Lo humano y lo inhumano son las dos caras de eso que se llama «humanismo». Concepto que pretende oponerse al de «inhumano» para justificar las atrocidades de la humanitas moderna. Tanto Auschwitz como la trata de esclavos o las masacres de los pueblos originarios son formas de lo humano.

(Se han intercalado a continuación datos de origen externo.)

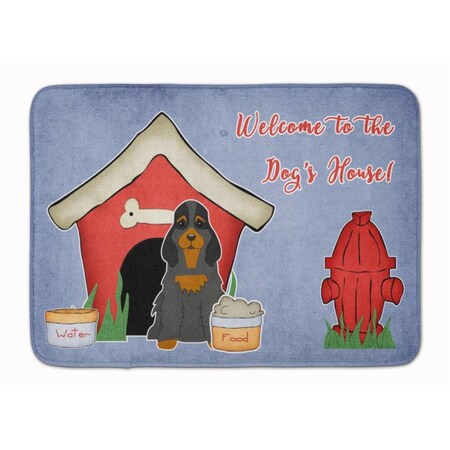 Carolines Treasures Dog House Cocker Spaniel Black and Tan Machine Washable Memory Foam Mat BB2847RUG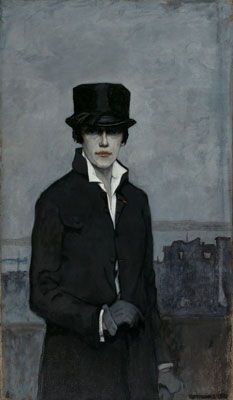 Romaine Brooks Artworks & Famous Paintings | TheArtStory Romaine Brooks, Giovanni Boldini, Istoria Artei, Berenice Abbott, La Rive, Rembrandt, Gustav Klimt, Top Hat, Female Artists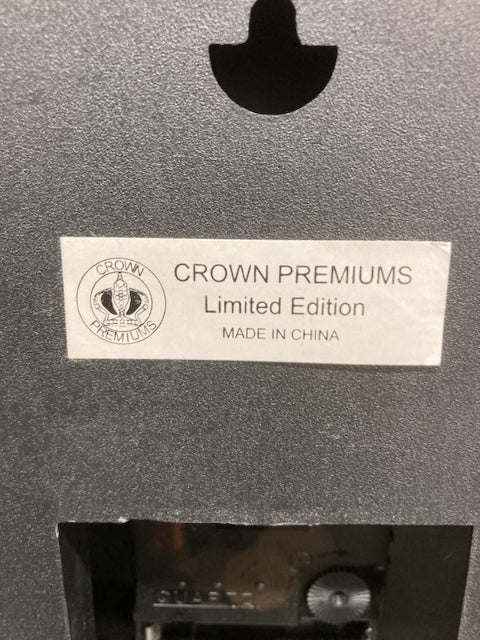 Crown Premiums Limited Edition Kawasaki Green Neon Wall Clock New Genuine
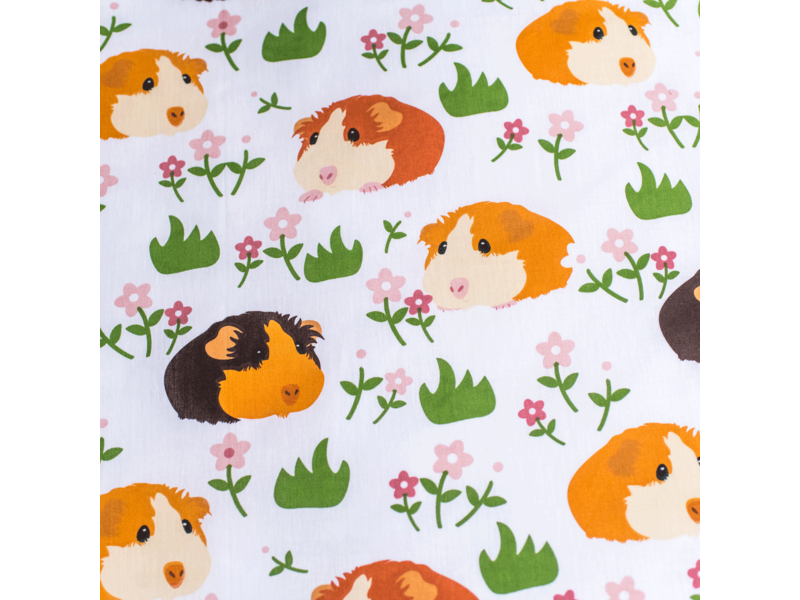 Animal Pictures Duvet cover, Guinea pig - Single - 140 x 200 cm - Cotton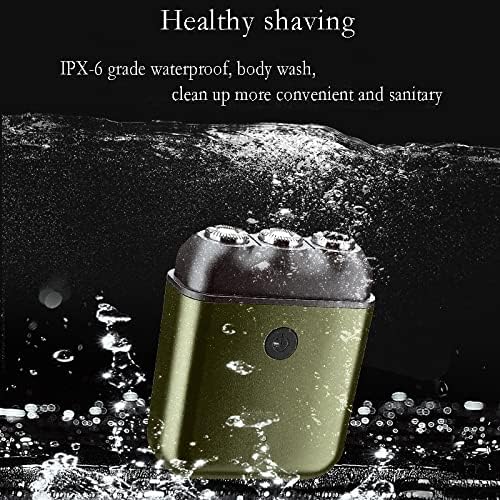 Electric Razors for Men, IPX6 Grooming Rechargeable Professional Electric Shaver Men Beard Waterproof Razor Barber Powerful Shaving Finishing Tool
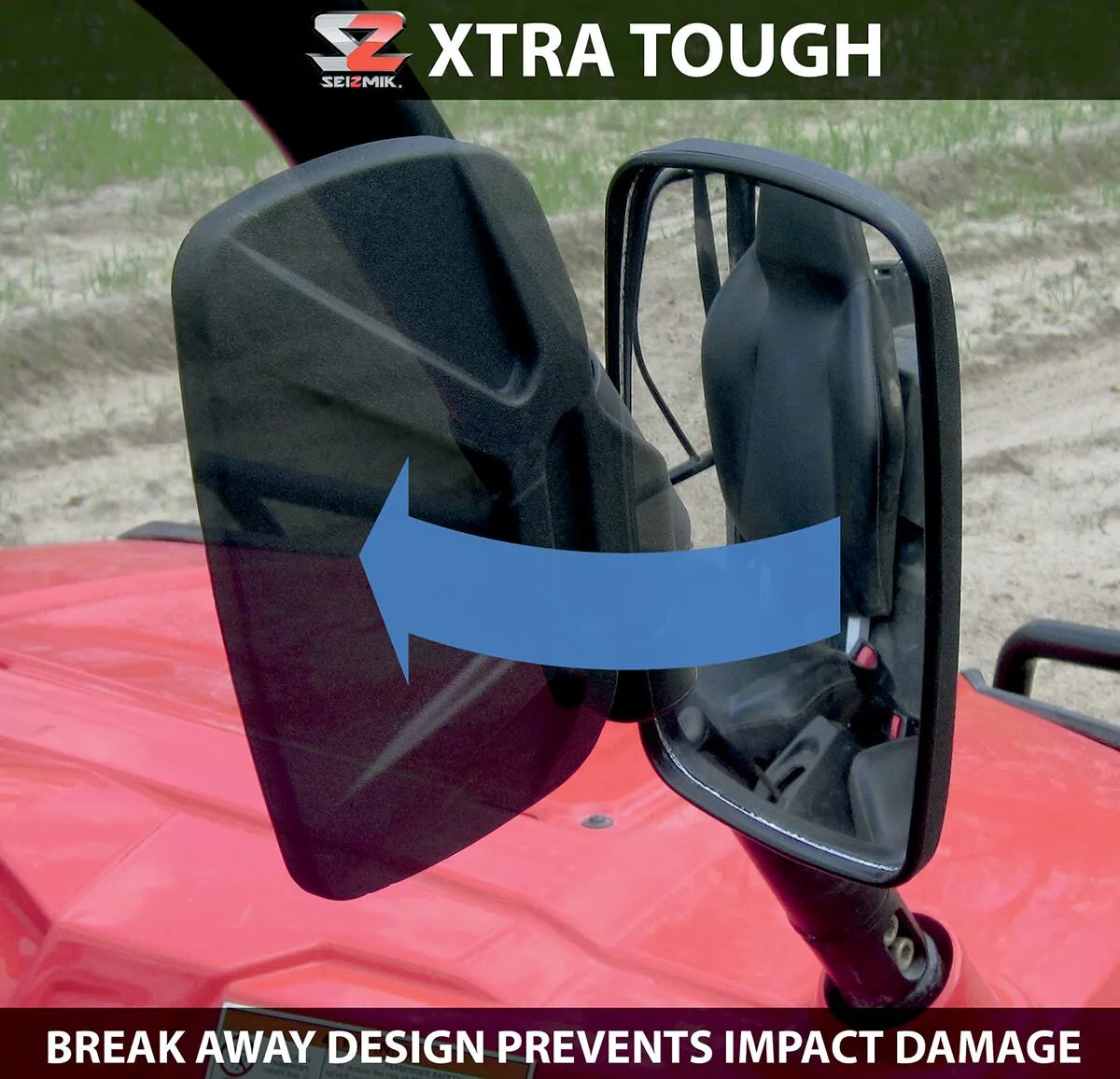 Moose Offroad UTV Seitenspiegel - Konvex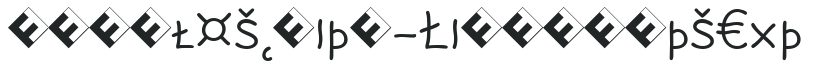Rattlescript-LightCapsExp letters preview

Vamos a Ser y Tiempo. La pregunta por el ser la formula el Dasein. El Dasein (pese a algunas artimañas ya absurdas que se han intentado) es el hombre. En todo Ser y Tiempo la cuestión está clara. Si la pregunta por el ser adviene al mundo por el hombre es el hombre el que arranca al ser de la indiferencia que ha padecido por millones de años y que volverá a padecer si el hombre desaparece de ese escenario. ¿Quién sino el hombre podría preguntarse por el ser? El ser es ganado para la filosofía, es entremetido en el corazón de su problemática por el ente antropológico. El ente antropológico hace ser al ser. Su esencial preguntar lo arroja a la luz. El ente antropológico no es —como los otros entes— «a la luz del ser». El ser es a la luz del preguntar del ente antropológico. Hay ser porque el hombre se pregunta por el ser. ¿Qué otro ente intramundano podría hacerlo? Si sacamos al hombre del mundo, ¿qué queda? Un ser del que nadie se hará cargo. Quedan los animales y las piedras. No hay lenguaje, no hay semiología, no hay textos, no hay ontología del presente, no hay despresencia en la presencia, no hay acontecimientos. Sólo hay un ser in-preguntado. Y ni siquiera hay quién pregunte por qué nadie se pregunta por el ser. No hay significantes. No hay sentido.
¿Qué es el humanismo? El simple hecho de que el mundo está habitado por el hombre. Ese hombre pregunta y se pregunta. Ese hombre es humano e inhumano, dos categorías tan comprometidas entre sí, tan entremezcladas que no pueden disociarse. Ese hombre trae el sentido. Crea y fundamenta todo lo que luego lo creará a él, condicionándolo. La alienación. El hombre es sólo fundamento de su mundo. ¿Sujeto constituyente? Claro que sí: de sí mismo y del mundo que crea. Crea a Dios. Y luego lo reencuentra en todas partes. Dios, en la historia de la filosofía, es el cogito en Descartes, la sustancia en Spinoza, el sujeto trascendental en Kant, la sustancia-sujeto en Hegel, la materia designada como proletariado redentor en Marx, la voluntad de poder en Nietzsche (o el superhombre: Übermensch), el inconsciente en Freud (si alguna vez alguien llegara a saber a qué se referían Freud y su reformulador Lacan con esto), el Ser en Heidegger (¡por supuesto!, en nadie es más clara la cuestión), el ente antropológico en Sartre, la estructura en Althusser, el poder en Foucault, el texto en Derrida.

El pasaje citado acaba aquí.